Possuindo uma visão culturalista, o autor situa o Direito como resultado da experiência concreta de determinado povo, daí a importância das tradições, dos costumes, dos valores historicamente consagrados em suas ideias.
A partir das informações do livro, confira qual é a necessidade de um sistema de ideias gerais do Direito:
A necessidade de um sistema de ideias gerais do Direito
O Direito que se descortina aos estudantes, neste primeiro quartel de século, além de exigir renovados métodos de aprendizado, encontra-se revigorado por princípios e normas, que tutelam os direitos da personalidade, impõem a ética nas relações, dão prevalência ao social e atribuem aos juízes um papel ativo na busca de soluções equânimes. Em sua constante mutação, a fim de acompanhar a marcha da história e conectar-se aos avanços da ciência, o Direito pátrio, entretanto, por vários de seus institutos, requer adequação à modernidade, desafiando, além da classe política e, em primeiro plano, a comunidade de juristas, a quem compete oferecer ao legislador os modelos alternativos de leis. É este, em linhas gerais, o quadro que se apresenta aos iniciantes no aprendizado da Ciência Jurídica.

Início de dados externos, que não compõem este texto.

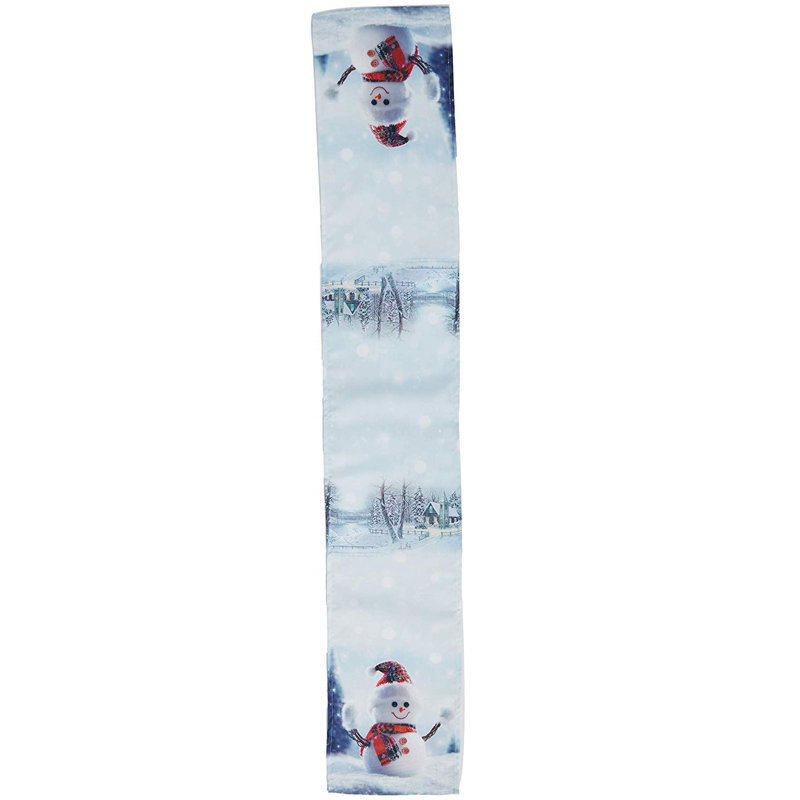 Ladue Christmas Snowed Man Polyester Super Soft Feel Faux Suede Fabric Digital Print Cowboy Snowman Table Runner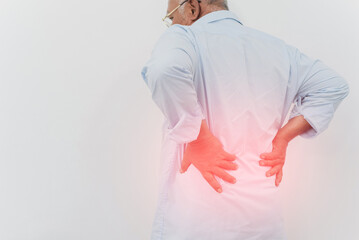 Back and waist pain, Asian senior man touching his back with musculoskeletal pain.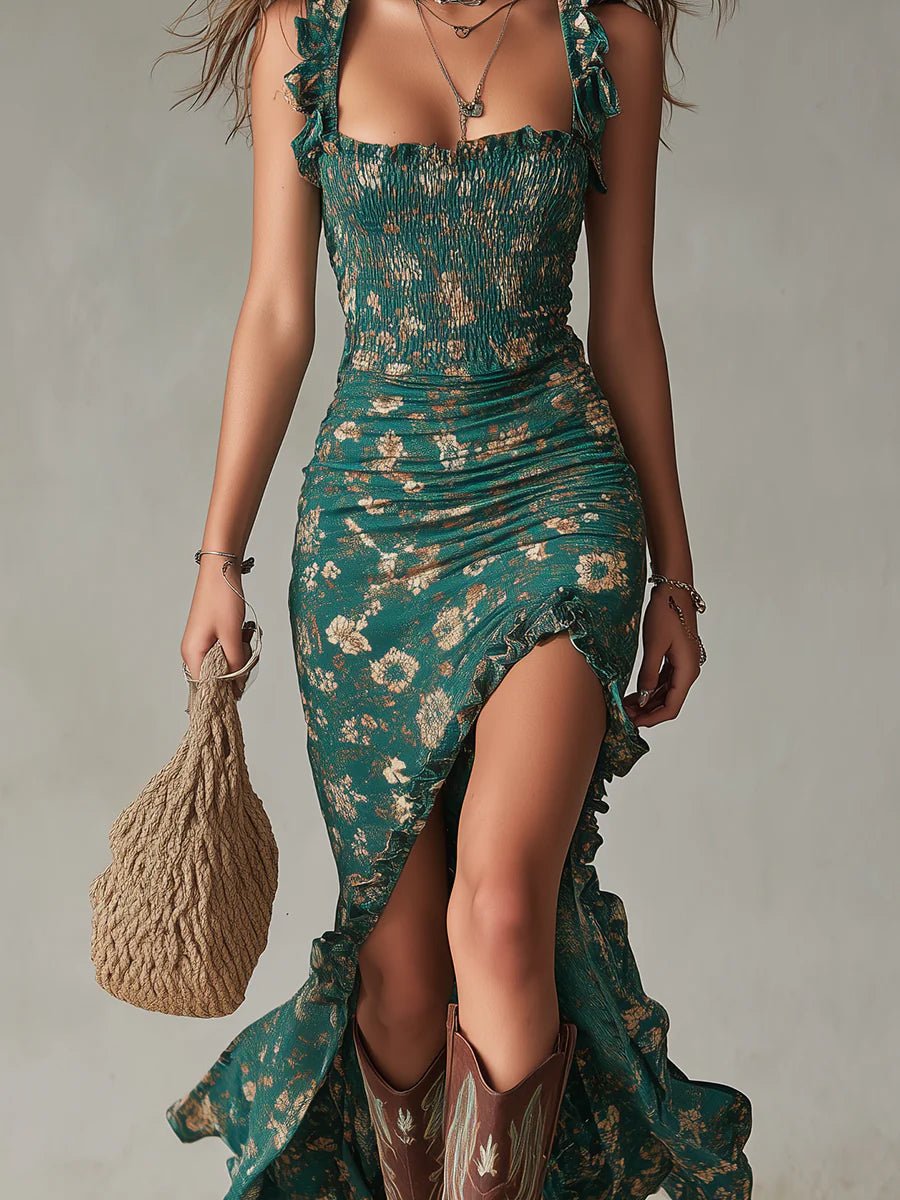 Giselle™ Bohemian Printed Maxi Dress with Ruffled Sleeves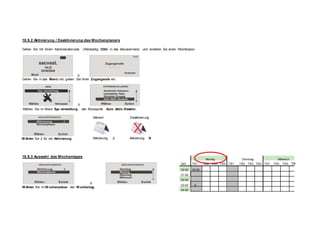 18.9.2 Aktivierung / Deaktivierung des Wochenplaners
Gehen Sie mit Ihrem Administratorcode (Werkseitig 1234) in das Benutzermenü und erstellen Sie einen Wochenplan
Æ
Gehen Sie in das Menü und geben Sie Ihren Zugangsode ein.
Æ
Wählen Sie im Menü Sys.-einstellung, den Menüpunkt Auto Aktiv./Deaktiv.
W ählen Sie J für die Aktivierung
Aktiviert
Aktivierung J
Deaktivierung
XAktivierung N
18.9.3 Auswahl des Wochentages
Æ
Montag Dienstag Mittwoch
Zeit TB1 TB2 TB3 TB4 TB1 TB2 TB3 TB4 TB1 TB2 TB3 TB
00:00 00:00
01:00
02:00
03:00 A
W ählen Sie im W ochenplaner den W ochentag.
04:00
 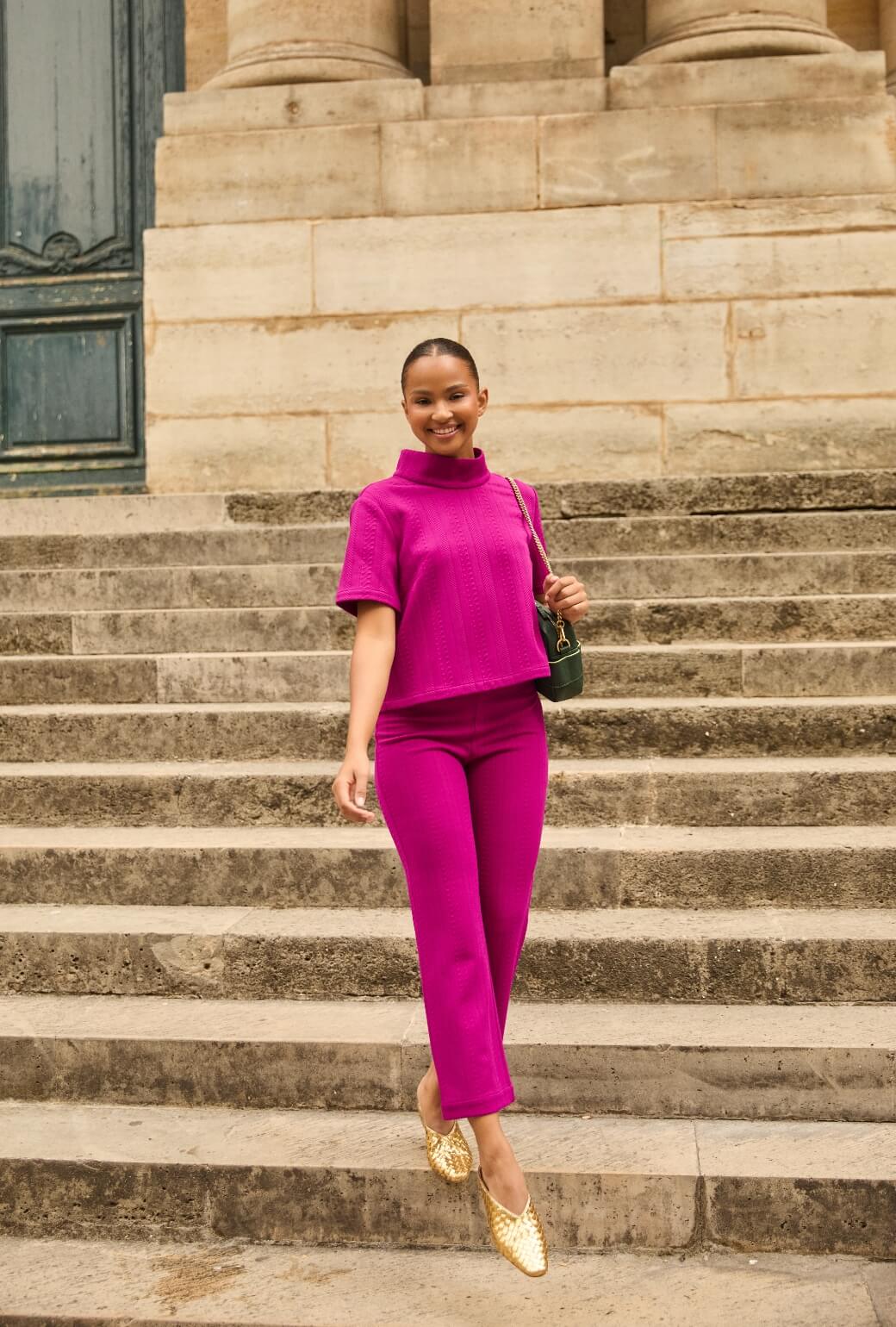Short Sleeve Mod Top - Fuchsia Cable-knit - Image 2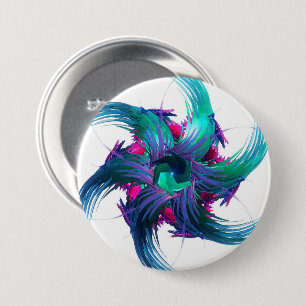Fractal Fantasy Swirls Badge Ronde Button 7,6 Cm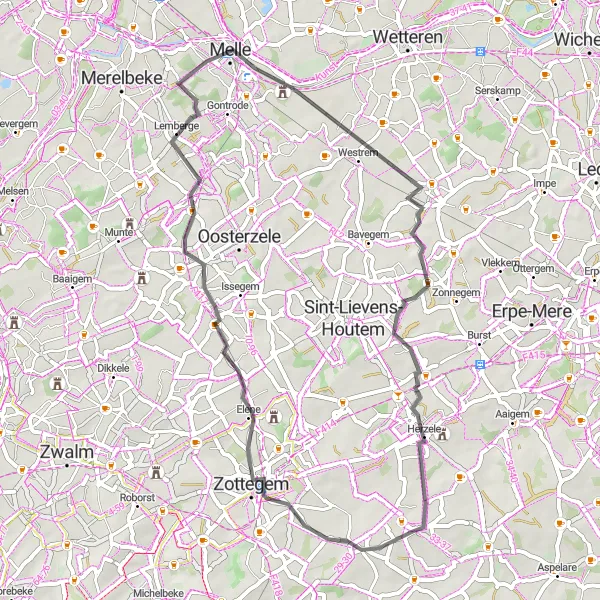 Miniatuurkaart van de fietsinspiratie "Road route naar Melle" in Prov. Oost-Vlaanderen, Belgium. Gemaakt door de Tarmacs.app fietsrouteplanner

Identificar o Direito, no universo das criações humanas, situando-o como ordem social dotada de coerção e, ao mesmo tempo, fórmula de garantia da liberdade, é a grande meta do conjunto de temas que se abrem à compreensão dos acadêmicos. Antes de iniciarmos a execução deste importante projeto, impõe-se a abordagem do estatuto metodológico da Introdução ao Estudo do Direito.
O ensino do Direito pressupõe a organização de uma disciplina de base, introdutória à matéria, a quem cumpre definir o objeto de estudo, indicar os limites da área de conhecimento, apresentar as características da ciência, seus fundamentos, valores e princípios cardiais. À medida que a ciência evolui e cresce o seu campo de pesquisa, torna-se patente a necessidade da elaboração de uma disciplina estrutural, com o propósito de agrupar os conceitos e elementos comuns às novas especializações. No dizer preciso de Benjamin de Oliveira Filho, a disciplina constitui um sistema de ideias gerais.[1] Ao mesmo tempo que revela o denominador comum dos diversos departamentos da ciência, ela se ocupa igualmente com a visão global do objeto, na pretensão de oferecer ao iniciante a ideia do conjunto.[2]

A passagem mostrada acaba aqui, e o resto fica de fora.